What does that mean for reading your knitting? If you don’t recognise what is happening on one face – look at the other one to see if that is more familiar.

Garter stitch

Swatch showing garter stitch

Working flat, garter stitch is made by knitting every row

Working in the round, one round is knit and the next purled.

Garter stitch looks the same from both sides.

Although garter stitch looks the same from both sides, you still need to know which is the private side and which is the public side.

Tip. Hang a removable stitch marker on the public side of any garter stitch item that you make.


Whereas garter stich alternates rows of knit and purl stitches, rib alternates these within a row.

Swatch showing 1x1 rib at the bottom right and 2x2 rib at the top left with the transition running diagonally from bottom left to top right.

This picture shows two typical rib patterns. Top left is 2×2 rib, made as a repeating sequence of two knit then two purl stitches. Bottom right is 1×1 rib in which the repeated sequence is one knit then one purl.

Rib pulls in so that the columns of purls partly (sometimes totally) hide behind the columns of knit stitches. Sometimes rib uses different numbers of knit and purl stitches in a repeat (for example k3 p2). You can count the individual knit stitches quite easily. Knit stitches hide the purl stitches. You may need to spread the fabric to count the purls – or just count the knit stitches on the other side.

Other stitch patterns using only knit and purl

Many textured fabrics combine knit and purl stitches to create intricate patterns. Search the internet for images of “ganseys” to see how impressive these combinations can be. Now think of how much rework you would need if you could not recognise knit and purl stitches as you make them.


Though looking complex, cables are only groups of knit and purl stitches.
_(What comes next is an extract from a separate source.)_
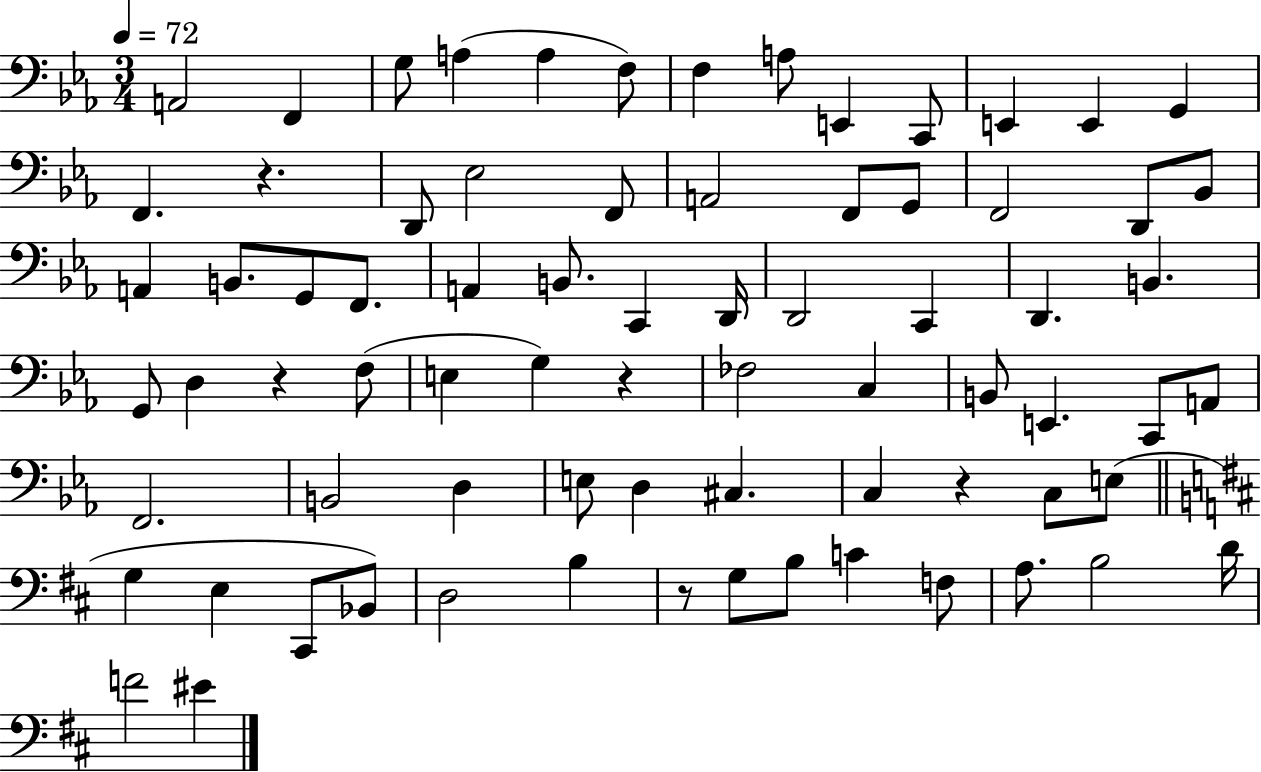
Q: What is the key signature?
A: EES major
You make them by crossing one group of stitches in front or behind another group.

An area of fabric with stocking stitch on the left and the right and a central panel consisting of two cabled columns surrounding a cris-crossed cable.

The photograph shows an area of cables. Each cable has two stitches crossing over two stitches.

In the “ropes” at the sides of this cabled area, half the knit stitches cross in front of the other half. Cables in the central area are knit stitches crossing in front of background purl stitches.

Particular things to look for when reading your knitting to find mistakes with cables are:

  • Do the stitches from the left pass in front of the ones from the right, or the other way round? Look carefully at the photo above to spot which of the crossings on the central panel goes the wrong way.
  • Are some crossings closer to the next than others?
  • Are there purls in your cable columns?
  • Is the background to the cables consistent?